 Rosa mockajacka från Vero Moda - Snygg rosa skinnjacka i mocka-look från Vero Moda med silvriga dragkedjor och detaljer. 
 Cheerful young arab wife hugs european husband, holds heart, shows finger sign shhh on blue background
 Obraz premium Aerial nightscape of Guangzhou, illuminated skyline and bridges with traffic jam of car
☆ ☆ ☆ ☆
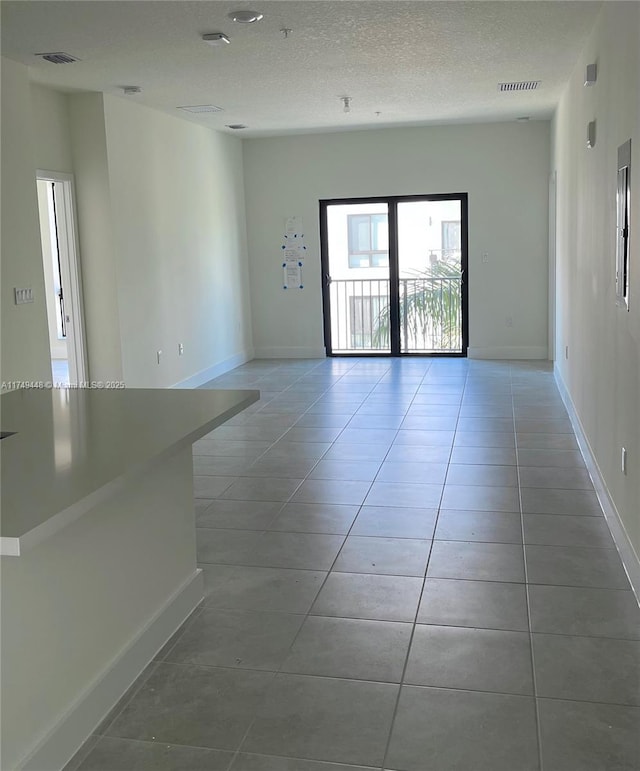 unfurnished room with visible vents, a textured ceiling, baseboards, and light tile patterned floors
☆ ☆ ☆ ☆
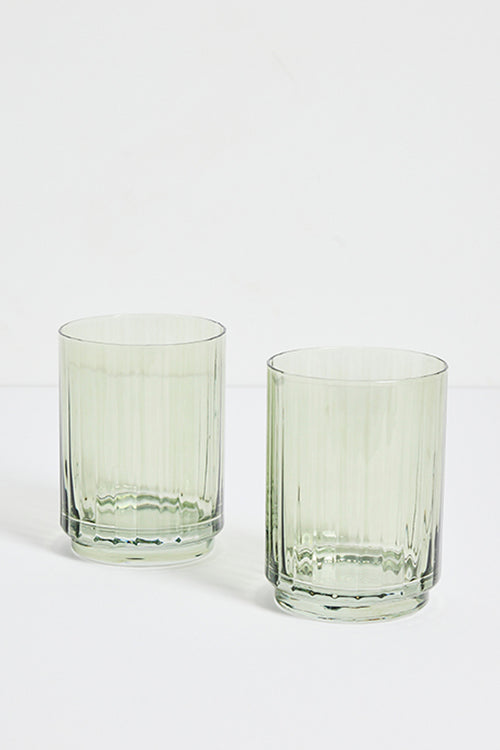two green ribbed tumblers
☆ ☆ ☆ ☆
Take exactly the lines from the one containing "Rosa mockajacka från" through the one containing "Obraz premium Aerial" in the data above, and output them with nothing added.

 Rosa mockajacka från Vero Moda - Snygg rosa skinnjacka i mocka-look från Vero Moda med silvriga dragkedjor och detaljer. 
 Cheerful young arab wife hugs european husband, holds heart, shows finger sign shhh on blue background
 Obraz premium Aerial nightscape of Guangzhou, illuminated skyline and bridges with traffic jam of car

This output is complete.